Missionary in Brazil

After the ordination, the order sent Rötger Hund as a missionary to Brazil. His destination was the port city of Aquiraz, at that time the seat of the captainate of Ceará , southeast of today's city of Fortaleza . In Aquiraz he made his "great profession " and was finally accepted into the Jesuit order. In 1752 he was sent inland, to the mountains of the Serra da Ibiapaba , where he headed the Jesuit mission station there as a mission superior.

Arrest and martyrdom

In 1759, Sebastião José de Carvalho e Mello , Marquês de Pombal, who was the first minister to rule the Portuguese affairs of state, banned the Jesuit order in Portugal and Brazil . Hundt was then brought to Lisbon together with 12 confreres. On November 14, 1759, shortly after his arrival in Portugal, Hundt was arrested and imprisoned in the São Julião da Barra fortress at the mouth of the Tagus . The commander of the São Julião da Barra fortress was amazed at the trust in God with which the Jesuits imprisoned there endured the ordeal: “Everything rots in these dungeons, only the imprisoned Jesuits don't want to rot.” Rötger Hundt spent his last years in a tower from 1764 in solitary confinement, under inhumane circumstances. He died there on April 6, 1773.

Commemorations and honors

After his death, his fellow prisoners spoke of Hundt as the "martyr of St. Julian".
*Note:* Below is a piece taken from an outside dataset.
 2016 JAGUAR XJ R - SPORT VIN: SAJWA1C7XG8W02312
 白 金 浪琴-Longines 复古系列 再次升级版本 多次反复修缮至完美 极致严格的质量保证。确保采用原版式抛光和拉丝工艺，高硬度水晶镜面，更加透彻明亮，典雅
In Olpe, the Rötger-Hundt-Weg is named after him.

literature

  • Uwe Glüsenkamp: The fate of the Jesuits from the Upper German and the two Rhenish order provinces after their expulsion from the mission areas of the Portuguese and Spanish patronage (1755–1809) . Aschendorff, Münster 2008, ISBN 978-3-402-14866-2 .
  • Theo Hundt: Father Rötger Hundt SJ Indian missionary in Brazil . Kreisheimatbund Olpe, Olpe 1988 (reprint of the articles on the biography of Rötger Hundt published in the Heimatstimmen from the Olpe district in issues 146, 147, 148, 150 and 152).

Web links

Footnotes

  1. ^ Karl Heinrich Oberacker: The German contribution to building the Brazilian nation . Boysen, Hamburg 1955, p. 105.
  2. Johannes Meier : The Church and the Work of the Jesuits in Brazil (1549-1759) . In: Michael Kraus, Hans Ottomeyer (ed.): Novos mundos - New Worlds. Portugal and the Age of Discovery . Sandstein, Dresden 2007, ISBN 978-3-940319-11-1 , pp. 287–297, here p. 294.
  3. Uwe Glüsenkamp: The fate of the Jesuits from the Upper German and the two Rhenish order provinces after their expulsion from the mission areas of the Portuguese and Spanish patronage (1755–1809) . Aschendorff, Münster 2008, p. 26.
  4. Uwe Glüsenkamp: The fate of the Jesuits from the Upper German and the two Rhenish order provinces after their expulsion from the mission areas of the Portuguese and Spanish patronage (1755–1809) . Aschendorff, Münster 2008, p. 32.
  5. Jakob Torsy: Lexicon of the German saints, blessed, venerable and godly . Bachem, Cologne 1959.